Biz de sandık ki; AKP, tüm hatalarından ders alacak, "ülkeyi nasıl düzeltirim" diye düşünüp kafa yoracak ve "nasıl borç bulurum" yerine "ne üreteyim ki ülkem kalkınsın" diyecek.
Hâlbuki son zamanlarda başka kabinede ve Partili Cumhurbaşkanlığı sisteminde revizyona (düzeltip değiştirmeye) çabaladıklarını söylemekteydiler. Çıka çıka ortaya, borç işleri ile ilgili genel müdürlük çıktı.
***
12 Eylül 1980
12 Eylül 1980 darbesinin hedef aldığı kuşağın ta kendisi benim kuşağım.
Talihsiz bir ülkenin çocuklarıyız.
Ülkemize zarar verme konusunda düşmana lüzum yok. Biz birimize yeteriz ve yetmekteyiz.
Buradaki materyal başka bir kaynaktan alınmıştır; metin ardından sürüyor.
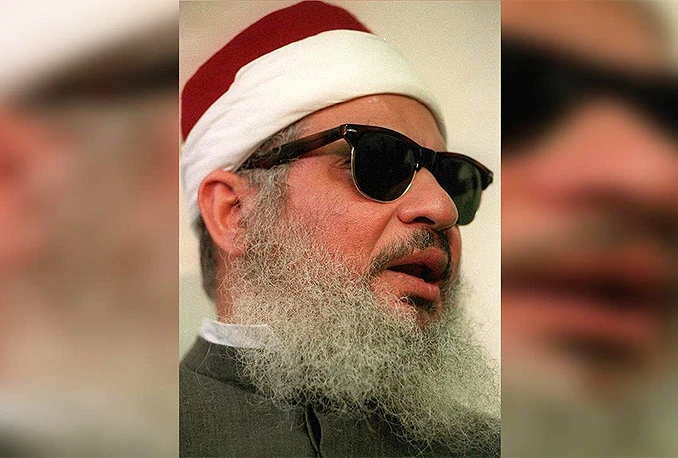 U SAD-u umro 'slijepi šeik', islamist i organizator prvog velikog napada na WTC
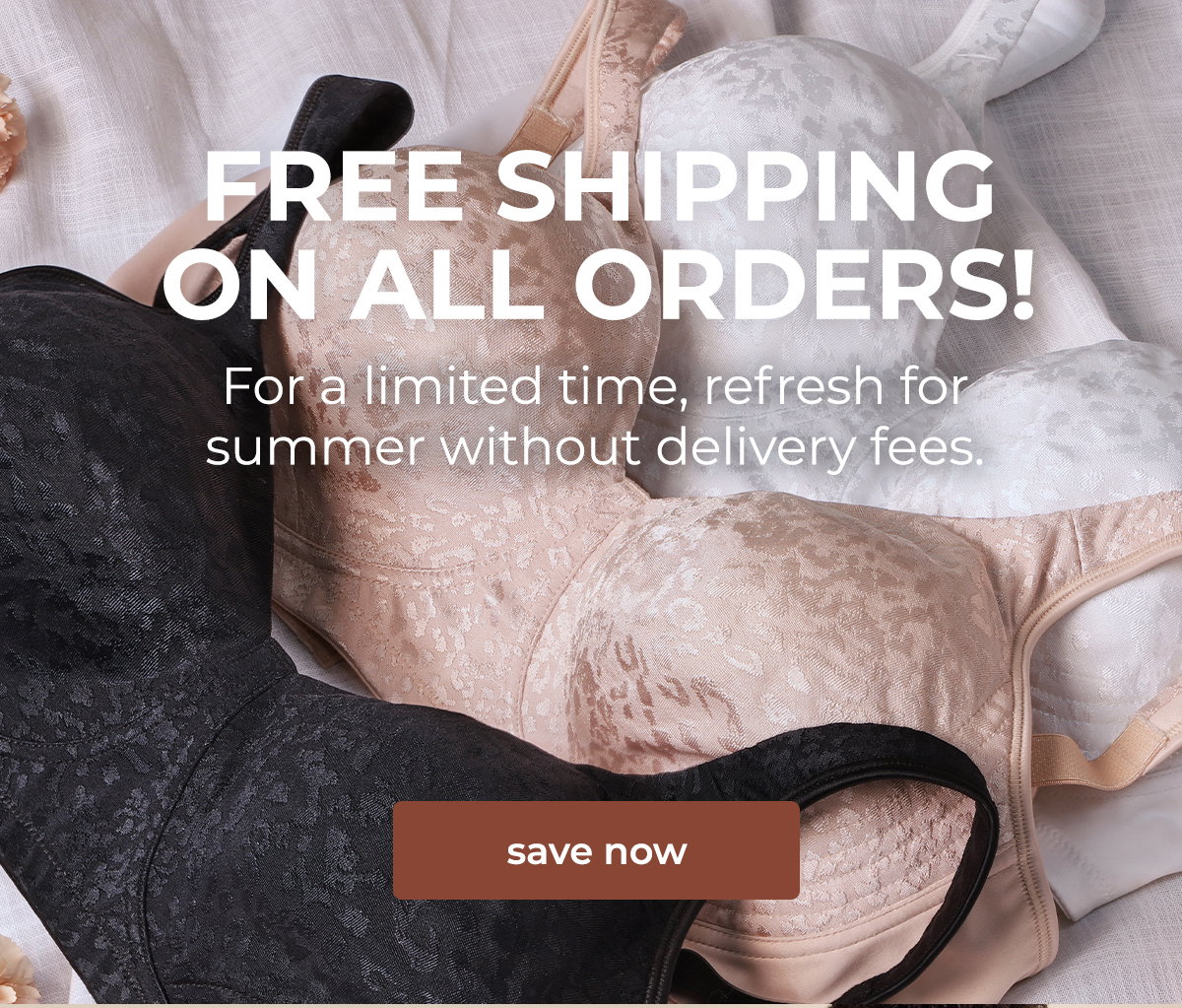 Shop Now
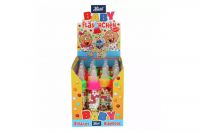 Heinerle Babyfl�schchen (20x30g)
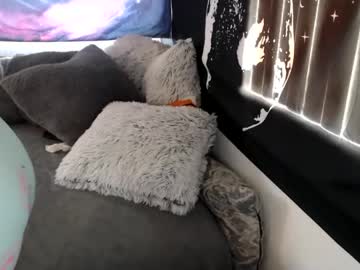 Karinakummings July 16, 2025 Chaturbate stream image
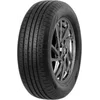 Grenlander Colo H02 ( 185/50 R16 81V )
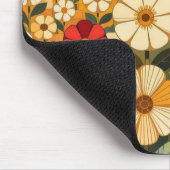 Lente Muismat (Hoek)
12 Eylül darbesiyle bu ülke kendi evlatları tarafından çok şeyler kaybetti.
Mesela?
1 - 24 Ocak kararlarıyla, ekonomide makas değiştirdi. Uluslararası kapitalizme eklemlendik.
2 - Çok partili parlamenter sistem askıya alındı.
3 - Kurumsallaşmış tüm siyasi partiler ve onların oluşturduğu siyasal düzen yerle bir oldu. Bütün partiler zarar gördü. Kimi kapandı, kiminin adı değişti ve varlığını eskisi gibi sürdüremedi.
Bugün Adalet Partisi yok.
Bu ne demek?
Merkez sağın en güçlü siyasal temsil merkezi yok oldu demek. Tabir yerinde ise demokrasinin yuvası dağıtıldı.
MHP var ama yok.
MHP ideolojik temsil gücünü AKP'ye eklemlemiş, kendi fikrini geliştirip güçlendirecek yerde "Sünni ümmetçi", "ihvancı" selefiye eğilimli kadroların peşinde sürükleniyor. Hâlbuki 9 Işık doktrini, günün şartlarına uygun olarak güncellenebilir ve yeniden dirilişin fikir dinamikleri yapılandırılabilirdi. Bunu yapacak kadrolar vardı MHP'de. Her alanda yetişmiş onlarca üniversite hocası var. Bu kadrolar nitelikli bir çalışmayla ortaya milliyetçi-ülkücü tezler koyabilirdi…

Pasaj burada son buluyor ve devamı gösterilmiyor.